Hacker News new | ask | show | jobs
by AdmiralAsshat 462 days ago
Reminds me of a similar story about Blast Corps, specifically how they implemented logic to correctly display apparent retrograde motion vis-a-vis the orbit of Venus from the perspective of Earth...all just for what basically amounts to a background animation. [0]

[0] https://www.youtube.com/watch?v=FZ6eNJi02Qk

3 comments

This is one of those things where it's like if you have to program them to move, it's probably just easiest to program it to be somewhat faithful instead of making up some other values.
Someone in the YouTube comments claims he was an intern at rare at the time and he was responsible for this.
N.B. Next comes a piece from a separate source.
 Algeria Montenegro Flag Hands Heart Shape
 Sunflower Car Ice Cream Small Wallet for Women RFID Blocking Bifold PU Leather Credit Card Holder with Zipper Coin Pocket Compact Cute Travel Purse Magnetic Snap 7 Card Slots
Who knows, they could be lying.
To me it feels like one of those escapades we go on when we want to focus on doing some "fun" work.
Isn't this just... they made the planets have the correct orbit times, and retrograde motion just drops out from that?
Yeah, it's impressive that they bothered to animate them with the correct ratio of periods, but it's not like they had to add epicycles.
When I took the sophomore-level Computer Graphics class as an undergrad in 2001, the final project was to build a solar system simulator in OpenGL. It didn't have to be especially faithful (all orbits perfectly round, don't care about starting positions, etc). The most complicated part was implementing a view from a planet's surface which would rotate at the proper rate for the given planet. This was not a difficult assignment (for me, can't say anything about my classmates!).

Making it marginally more accurate for a real product would only have been a bit more effort.

Saty?
I don't know who that is... I went to Kent State.
Well that's ANOTHER oddball, semi-forgotten, great game!
Nintendo and Rare (as "Xbox Game Studios") figured out how to work together, and as of Feb 2024, you can play Blast Corps on the Nintendo Switch Online Expansion Pack (along with a bunch of other Rare games)
It's also on Xbox via Rare Replay. And you get to keep it.